* WHAT TO WORK ON: Below are lines of data; restate word for word those running from the line containing "Looking at the" to the line containing "Iodine test strip use", inclusive, and no others.
··· EXTRACTED RECORDS ···
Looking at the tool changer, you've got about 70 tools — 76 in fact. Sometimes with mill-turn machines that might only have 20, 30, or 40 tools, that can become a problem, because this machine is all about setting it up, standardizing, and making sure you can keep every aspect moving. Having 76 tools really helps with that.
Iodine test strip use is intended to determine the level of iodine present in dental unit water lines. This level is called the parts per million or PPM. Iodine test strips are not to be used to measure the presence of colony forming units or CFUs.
···
··· EXTRACTED RECORDS ···
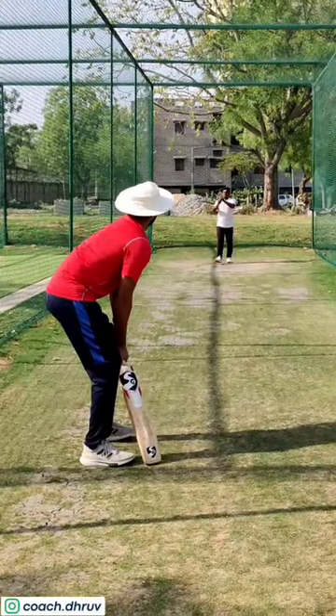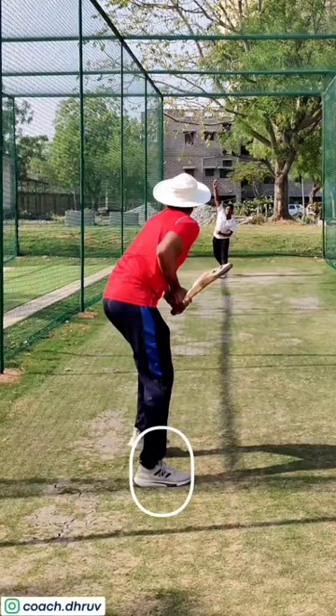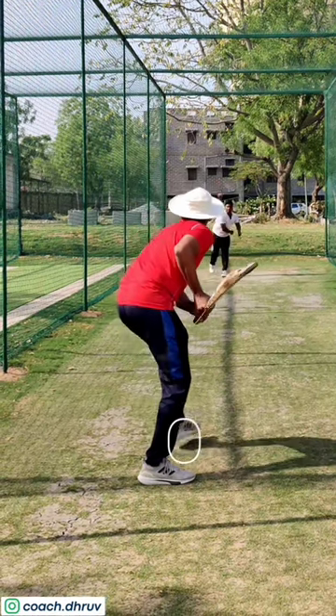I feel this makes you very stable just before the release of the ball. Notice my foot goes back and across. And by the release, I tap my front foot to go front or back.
···
··· EXTRACTED RECORDS ···
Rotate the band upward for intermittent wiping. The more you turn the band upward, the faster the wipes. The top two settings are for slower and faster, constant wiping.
···
* YOUR RESPONSE:
Looking at the tool changer, you've got about 70 tools — 76 in fact. Sometimes with mill-turn machines that might only have 20, 30, or 40 tools, that can become a problem, because this machine is all about setting it up, standardizing, and making sure you can keep every aspect moving. Having 76 tools really helps with that.
Iodine test strip use is intended to determine the level of iodine present in dental unit water lines. This level is called the parts per million or PPM. Iodine test strips are not to be used to measure the presence of colony forming units or CFUs.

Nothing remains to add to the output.